RHB Investment Bank in a note published four days later said Top Glove Corp Bhd shares are trading at an unprecedented low price-to-earnings ratio (PE) of 4.9 times based on estimated earnings for the current financial year ending August 31, 2021.

The US investment bank had valued Top Glove’s shares at US$80 cents (about RM3.20) each at the time. The manufacturer’s shares closed at RM6.21 yesterday.

Supporters in bursabets alleged there is maligned intention behind why these shares were set so low.

But apart from the allegation and a call for retail investors to “hold” or buy more of these shares, the movement is not clear about its message or objective.

In the case of GameStop, wallstreetbets campaign had a very clear goal ― to beat the big rich Wall Street players at its own game.

Melvin Capital, the huge hedge fund that betted on GameStop’s stocks to fall, took massive losses because traders scrambling to cover these short positions and curb further losses were forced to pay inflated prices for the shares, which just made them more expensive.

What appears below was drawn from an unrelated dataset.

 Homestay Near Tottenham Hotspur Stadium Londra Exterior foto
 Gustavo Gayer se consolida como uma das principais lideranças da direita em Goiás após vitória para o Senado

A different story in Malaysia

To date it is not clear if there are traders shorting against the shares of these glove manufacturers, or if JP Morgan’s valuation would have any real short term impact on these companies.

Short selling is regulated in Malaysia, with regulated short-selling (RSS) only allowed for approved counters.

Earlier this month, Bursa Malaysia and the Securities Commission said it would uplift the temporary suspension of RSS and roll out new control measures, including daily gross short position limit of 2 per cent, and a 4 per cent cap on RSS aggregated net short position.

Top Glove Corp Bhd’s net short position, which is the sale volume of shares a trader does not own, stood at just 2.9 per cent as of January 28.

In comparison, GameStop’s short position was nearly 140 per cent, as noted by a top comment on __Revenant__’s post.

“GME has more than 140 per cent short position, Top Glove is more than 2 plus per cent net short position.

“I think there will be some small short and gamma squeeze if there’s enough buying next one to two days but dont hope for a parabolic trend,” said user brotherlone.

Another user G0LDM4N_S4CHS in one of the subreddit’s top post also pointed out the difference between the Kuala Lumpur Stock Exchange and its American counterparts, where local brokers cannot lend stocks out for short-selling.

“No we can't short squeeze Top Glove, JP Morgan is too big to fight, they ain't no ‘ikan bilis’ hedge fund,” the user said, using the Malay word that colloquially mean “minnows”.